Sul piano processuale, la Corte ha chiarito che non vi è stata reformatio in peius: l’art. 597, co. 3, c.p.p. vieta la revoca di benefici in assenza di impugnazione del P.M., ma non impedisce alla Corte di appello di subordinare la sospensione condizionale all’adempimento di uno degli obblighi previsti dall’art. 165 c.p., come il pagamento delle somme dovute alla parte civile.
3. Osservazioni
La pronuncia afferma due principi:
la truffa contrattuale non si esaurisce nella “compravendita aliud pro alio”, ma si estende a ogni operazione in cui l’inganno vizia il consenso e determina una dazione patrimoniale;
il divieto di reformatio in peius ha natura eccezionale e non può essere esteso analogicamente alle modalità di fruizione della sospensione condizionale.
4. La sentenza integrale
Cassazione penale sez. II, 18/09/2025, (ud. 18/09/2025, dep. 23/09/2025), n.31826
RITENUTO IN FATTO
1. Con sentenza in data 20 gennaio 2025 la Corte di Appello di Brescia, in parziale riforma della sentenza in data 4 aprile 2024 del Tribunale della medesima città, appellata dall'imputato e dalla parte civile, ha:
- subordinato il già concesso beneficio della sospensione condizionale della pena al pagamento della somma già statuita a titolo risarcitorio alla parte civile, entro il termine di un anno e mesi sei dal passaggio in giudicato della sentenza;
- concesso all'imputato il beneficio della non menzione della condanna nel certificato del casellario giudiziale;
- confermato nel reato l'affermazione della penale responsabilità dell'imputato Pi.Ma. in relazione a due contestati reati di concorso (con Ma.Pe.nei confronti del quale si procede separatamente) nei reati di tentata truffa aggravata (artt. 110,56,640,61 n. 7, cod. pen.) e di truffa aggravata (artt. 110,640,61 n. 7, cod. pen.) ai danni di Eu.Pe.
In sintesi, si contesta all'imputato (unitamente al Ma.Pe.), con artifizi e raggiri:
- di aver proposto in vendita al Eu.Pe.tre diamanti del valore di mercato di 163.000,00 Euro a prezzo notevolmente scontato, inducendo in errore la persona offesa circa la genuinità e il valore dei predetti preziosi (rivelatisi in realtà gemme ad imitazione del diamante di valore irrisorio) la quale effettuava a favore dei soggetti agenti due bonifici per complessivi 15.000,00 Euro (successivamente annullati) (capo A della rubrica delle imputazioni);
- di avere consegnato al Eu.Pe., quale garanzia, due diamanti racchiusi nei rispettivi blister che risultavano falsificati, così inducendo la persona offesa, nell'erroneo convincimento della genuinità delle pietre, a consegnare loro mediante bonifici la complessiva somma di 70.000,00 Euro (capo B).

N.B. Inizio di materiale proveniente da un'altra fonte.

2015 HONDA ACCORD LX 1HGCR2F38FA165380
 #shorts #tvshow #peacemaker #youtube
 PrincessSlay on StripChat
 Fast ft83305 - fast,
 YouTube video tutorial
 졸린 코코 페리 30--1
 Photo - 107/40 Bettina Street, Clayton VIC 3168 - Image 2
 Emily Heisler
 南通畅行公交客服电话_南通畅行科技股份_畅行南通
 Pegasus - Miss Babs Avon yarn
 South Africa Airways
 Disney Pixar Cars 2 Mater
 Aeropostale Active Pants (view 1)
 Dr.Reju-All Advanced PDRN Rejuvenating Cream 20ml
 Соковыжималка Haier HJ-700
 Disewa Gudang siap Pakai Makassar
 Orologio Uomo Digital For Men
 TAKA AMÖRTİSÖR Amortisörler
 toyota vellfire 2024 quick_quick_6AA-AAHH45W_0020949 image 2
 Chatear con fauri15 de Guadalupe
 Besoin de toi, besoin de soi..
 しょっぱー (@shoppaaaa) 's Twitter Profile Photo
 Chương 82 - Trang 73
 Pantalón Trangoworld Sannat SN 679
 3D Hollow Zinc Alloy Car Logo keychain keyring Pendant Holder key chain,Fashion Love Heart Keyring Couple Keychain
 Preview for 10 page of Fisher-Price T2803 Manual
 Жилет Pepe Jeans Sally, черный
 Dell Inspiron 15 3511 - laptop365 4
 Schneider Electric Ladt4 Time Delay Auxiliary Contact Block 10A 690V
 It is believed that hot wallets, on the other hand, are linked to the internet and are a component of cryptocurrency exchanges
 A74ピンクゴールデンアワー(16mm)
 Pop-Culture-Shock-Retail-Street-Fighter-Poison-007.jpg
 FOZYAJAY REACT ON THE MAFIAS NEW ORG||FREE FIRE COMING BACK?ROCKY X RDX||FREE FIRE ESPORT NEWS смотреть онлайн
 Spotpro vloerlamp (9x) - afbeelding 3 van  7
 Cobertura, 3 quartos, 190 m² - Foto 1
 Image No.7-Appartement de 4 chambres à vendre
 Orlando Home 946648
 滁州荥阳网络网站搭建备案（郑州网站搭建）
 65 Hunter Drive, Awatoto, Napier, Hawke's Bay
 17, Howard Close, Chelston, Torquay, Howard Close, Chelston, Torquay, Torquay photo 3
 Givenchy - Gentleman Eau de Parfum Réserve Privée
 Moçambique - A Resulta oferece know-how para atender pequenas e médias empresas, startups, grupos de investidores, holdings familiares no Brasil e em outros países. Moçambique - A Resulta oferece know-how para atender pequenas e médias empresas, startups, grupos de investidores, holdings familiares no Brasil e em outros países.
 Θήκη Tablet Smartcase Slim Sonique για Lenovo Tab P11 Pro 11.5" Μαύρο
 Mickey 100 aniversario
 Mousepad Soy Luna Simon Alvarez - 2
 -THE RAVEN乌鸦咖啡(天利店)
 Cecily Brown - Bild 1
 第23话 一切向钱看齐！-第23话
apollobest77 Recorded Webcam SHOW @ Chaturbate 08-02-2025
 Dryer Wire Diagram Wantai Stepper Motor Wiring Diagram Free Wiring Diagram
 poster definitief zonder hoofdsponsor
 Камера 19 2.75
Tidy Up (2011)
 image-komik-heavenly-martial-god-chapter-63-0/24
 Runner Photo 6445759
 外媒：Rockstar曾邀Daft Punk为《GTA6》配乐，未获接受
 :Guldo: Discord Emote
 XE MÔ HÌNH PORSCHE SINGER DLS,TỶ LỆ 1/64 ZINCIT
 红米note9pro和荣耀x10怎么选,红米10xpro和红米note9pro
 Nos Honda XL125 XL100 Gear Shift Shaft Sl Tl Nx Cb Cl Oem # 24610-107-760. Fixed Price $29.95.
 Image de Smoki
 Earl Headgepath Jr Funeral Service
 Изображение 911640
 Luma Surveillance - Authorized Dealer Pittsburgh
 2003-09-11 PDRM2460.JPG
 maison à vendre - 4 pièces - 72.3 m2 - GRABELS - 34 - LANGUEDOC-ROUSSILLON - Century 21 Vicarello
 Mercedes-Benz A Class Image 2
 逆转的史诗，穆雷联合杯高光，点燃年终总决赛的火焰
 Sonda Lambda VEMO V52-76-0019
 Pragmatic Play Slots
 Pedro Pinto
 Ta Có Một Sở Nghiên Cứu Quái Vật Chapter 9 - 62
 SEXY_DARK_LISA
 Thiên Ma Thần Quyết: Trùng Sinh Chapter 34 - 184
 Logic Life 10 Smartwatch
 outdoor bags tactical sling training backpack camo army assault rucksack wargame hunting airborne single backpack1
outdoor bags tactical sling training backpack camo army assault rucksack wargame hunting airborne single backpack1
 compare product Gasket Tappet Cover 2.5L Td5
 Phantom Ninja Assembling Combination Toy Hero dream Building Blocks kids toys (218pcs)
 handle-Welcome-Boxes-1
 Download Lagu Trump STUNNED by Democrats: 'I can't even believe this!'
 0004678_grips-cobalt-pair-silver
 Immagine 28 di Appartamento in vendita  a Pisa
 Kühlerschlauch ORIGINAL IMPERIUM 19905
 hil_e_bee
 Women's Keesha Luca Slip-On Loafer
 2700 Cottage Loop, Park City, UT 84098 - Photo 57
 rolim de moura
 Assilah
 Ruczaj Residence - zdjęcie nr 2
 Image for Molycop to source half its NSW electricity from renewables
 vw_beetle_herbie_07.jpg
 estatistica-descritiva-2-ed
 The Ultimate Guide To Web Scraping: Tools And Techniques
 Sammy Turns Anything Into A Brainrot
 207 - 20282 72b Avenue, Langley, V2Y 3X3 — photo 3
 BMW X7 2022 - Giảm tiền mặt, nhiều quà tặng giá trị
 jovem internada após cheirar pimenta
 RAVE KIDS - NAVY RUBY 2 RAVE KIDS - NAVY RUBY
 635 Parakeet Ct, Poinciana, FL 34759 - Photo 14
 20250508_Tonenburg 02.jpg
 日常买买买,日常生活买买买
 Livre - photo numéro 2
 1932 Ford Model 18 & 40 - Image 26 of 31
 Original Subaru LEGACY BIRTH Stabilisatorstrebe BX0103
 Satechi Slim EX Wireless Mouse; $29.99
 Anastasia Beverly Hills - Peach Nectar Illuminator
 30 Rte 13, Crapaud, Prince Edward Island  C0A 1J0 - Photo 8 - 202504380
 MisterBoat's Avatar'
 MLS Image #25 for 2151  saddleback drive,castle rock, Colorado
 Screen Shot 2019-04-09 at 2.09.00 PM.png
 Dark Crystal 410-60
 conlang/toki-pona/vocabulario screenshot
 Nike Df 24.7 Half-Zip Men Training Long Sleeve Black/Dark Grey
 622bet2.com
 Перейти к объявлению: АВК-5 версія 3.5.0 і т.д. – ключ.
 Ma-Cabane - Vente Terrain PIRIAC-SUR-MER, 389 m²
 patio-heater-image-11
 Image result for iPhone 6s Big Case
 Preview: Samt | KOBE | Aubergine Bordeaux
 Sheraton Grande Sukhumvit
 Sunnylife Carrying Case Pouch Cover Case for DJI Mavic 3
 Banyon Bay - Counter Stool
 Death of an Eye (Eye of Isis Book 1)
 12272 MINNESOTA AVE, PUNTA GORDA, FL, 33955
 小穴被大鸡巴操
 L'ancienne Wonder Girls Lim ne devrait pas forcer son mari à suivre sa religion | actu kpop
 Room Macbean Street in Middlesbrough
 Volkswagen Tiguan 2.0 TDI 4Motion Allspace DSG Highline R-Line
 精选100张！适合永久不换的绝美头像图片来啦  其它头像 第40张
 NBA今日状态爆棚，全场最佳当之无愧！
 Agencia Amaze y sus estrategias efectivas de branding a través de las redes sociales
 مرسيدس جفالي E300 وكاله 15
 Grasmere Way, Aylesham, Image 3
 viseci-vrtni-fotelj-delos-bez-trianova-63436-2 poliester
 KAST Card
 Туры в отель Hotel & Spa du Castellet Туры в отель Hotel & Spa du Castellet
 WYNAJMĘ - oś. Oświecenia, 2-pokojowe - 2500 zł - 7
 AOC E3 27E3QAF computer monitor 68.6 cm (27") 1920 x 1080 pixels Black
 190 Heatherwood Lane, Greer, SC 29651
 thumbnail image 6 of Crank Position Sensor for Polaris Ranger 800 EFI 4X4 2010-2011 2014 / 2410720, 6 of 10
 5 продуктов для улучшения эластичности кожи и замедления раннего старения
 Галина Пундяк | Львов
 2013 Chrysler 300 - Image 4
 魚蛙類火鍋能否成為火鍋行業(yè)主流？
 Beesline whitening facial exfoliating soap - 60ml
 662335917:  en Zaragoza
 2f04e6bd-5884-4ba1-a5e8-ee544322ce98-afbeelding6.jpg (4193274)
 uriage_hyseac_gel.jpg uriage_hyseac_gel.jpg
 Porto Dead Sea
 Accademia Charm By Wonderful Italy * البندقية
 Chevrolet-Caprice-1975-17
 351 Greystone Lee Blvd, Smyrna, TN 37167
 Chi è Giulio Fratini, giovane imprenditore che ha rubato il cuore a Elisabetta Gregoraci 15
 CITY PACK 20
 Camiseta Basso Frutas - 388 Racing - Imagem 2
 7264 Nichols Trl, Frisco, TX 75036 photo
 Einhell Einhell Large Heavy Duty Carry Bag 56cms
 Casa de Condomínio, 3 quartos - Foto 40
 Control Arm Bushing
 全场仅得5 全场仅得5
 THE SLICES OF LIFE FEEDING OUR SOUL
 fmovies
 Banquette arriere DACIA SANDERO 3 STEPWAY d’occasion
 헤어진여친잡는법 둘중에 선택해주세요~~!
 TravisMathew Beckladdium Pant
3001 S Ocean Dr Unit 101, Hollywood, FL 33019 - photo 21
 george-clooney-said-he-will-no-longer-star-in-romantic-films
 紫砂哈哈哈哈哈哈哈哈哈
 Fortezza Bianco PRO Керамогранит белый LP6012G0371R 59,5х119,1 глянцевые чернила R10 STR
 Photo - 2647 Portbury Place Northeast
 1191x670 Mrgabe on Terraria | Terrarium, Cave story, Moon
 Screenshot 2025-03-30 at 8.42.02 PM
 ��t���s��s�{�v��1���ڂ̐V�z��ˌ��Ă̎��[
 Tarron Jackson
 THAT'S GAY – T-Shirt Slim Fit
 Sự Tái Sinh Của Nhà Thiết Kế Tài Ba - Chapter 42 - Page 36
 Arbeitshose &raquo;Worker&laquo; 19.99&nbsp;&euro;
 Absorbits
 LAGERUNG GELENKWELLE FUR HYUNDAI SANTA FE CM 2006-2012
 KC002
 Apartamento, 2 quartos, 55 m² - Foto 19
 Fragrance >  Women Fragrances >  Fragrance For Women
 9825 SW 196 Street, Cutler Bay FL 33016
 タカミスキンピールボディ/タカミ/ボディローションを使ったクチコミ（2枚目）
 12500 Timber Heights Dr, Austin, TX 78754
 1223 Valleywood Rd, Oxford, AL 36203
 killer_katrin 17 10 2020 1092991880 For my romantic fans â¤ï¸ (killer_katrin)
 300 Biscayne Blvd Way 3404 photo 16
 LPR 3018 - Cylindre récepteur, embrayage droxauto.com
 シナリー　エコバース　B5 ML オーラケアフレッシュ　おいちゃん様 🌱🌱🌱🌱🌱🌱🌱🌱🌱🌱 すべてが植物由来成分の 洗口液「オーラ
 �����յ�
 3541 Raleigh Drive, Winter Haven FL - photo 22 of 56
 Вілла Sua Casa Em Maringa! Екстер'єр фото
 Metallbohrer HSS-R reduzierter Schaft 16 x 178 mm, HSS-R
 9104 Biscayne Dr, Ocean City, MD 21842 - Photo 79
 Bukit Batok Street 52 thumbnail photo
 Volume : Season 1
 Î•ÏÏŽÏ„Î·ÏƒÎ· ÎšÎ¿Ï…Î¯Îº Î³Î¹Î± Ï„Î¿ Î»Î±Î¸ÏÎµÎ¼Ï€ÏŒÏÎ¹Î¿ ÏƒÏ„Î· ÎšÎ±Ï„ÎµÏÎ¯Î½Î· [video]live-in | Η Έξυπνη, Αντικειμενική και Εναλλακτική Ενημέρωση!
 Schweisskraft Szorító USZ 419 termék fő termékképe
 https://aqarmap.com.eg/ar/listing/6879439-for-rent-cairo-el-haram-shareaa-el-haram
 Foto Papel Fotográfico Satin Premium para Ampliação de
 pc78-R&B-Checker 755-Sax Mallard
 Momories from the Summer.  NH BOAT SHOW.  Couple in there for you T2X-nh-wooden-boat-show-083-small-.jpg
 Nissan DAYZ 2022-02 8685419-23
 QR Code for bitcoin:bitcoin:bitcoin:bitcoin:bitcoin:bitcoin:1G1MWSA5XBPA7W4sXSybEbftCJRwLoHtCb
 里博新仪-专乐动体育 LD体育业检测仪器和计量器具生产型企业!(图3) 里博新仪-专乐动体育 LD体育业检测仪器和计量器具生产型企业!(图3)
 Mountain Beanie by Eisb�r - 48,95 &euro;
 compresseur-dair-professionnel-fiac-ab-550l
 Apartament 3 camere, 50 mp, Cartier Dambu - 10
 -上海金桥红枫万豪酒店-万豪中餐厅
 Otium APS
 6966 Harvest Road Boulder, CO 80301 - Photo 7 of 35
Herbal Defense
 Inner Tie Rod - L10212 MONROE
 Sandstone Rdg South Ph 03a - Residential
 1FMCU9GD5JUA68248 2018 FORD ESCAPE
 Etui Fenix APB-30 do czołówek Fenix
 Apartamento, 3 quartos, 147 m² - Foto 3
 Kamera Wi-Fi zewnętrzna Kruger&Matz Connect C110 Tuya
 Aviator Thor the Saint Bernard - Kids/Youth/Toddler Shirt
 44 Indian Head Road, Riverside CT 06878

I fatti di cui al capo A risalgono al 15 marzo 2018, mentre quelli di cui al capo B dal 6 luglio 2017 al 18 agosto 2018.
2. Ricorre per Cassazione avverso la predetta sentenza il difensore dell'imputato, deducendo:
2.1. Violazione di legge e vizi di motivazione ex art. 606, comma 1, lett. b) ed e), cod. proc. pen. in relazione agli artt. 640 cod. pen. e 546, comma 1, lett. e), cod. proc. pen. con riguardo agli elementi costitutivi del reato di truffa contrattuale, nonché in relazione alla qualificazione giuridica del contratto inteso come compravendita anziché come contratto di mutuo.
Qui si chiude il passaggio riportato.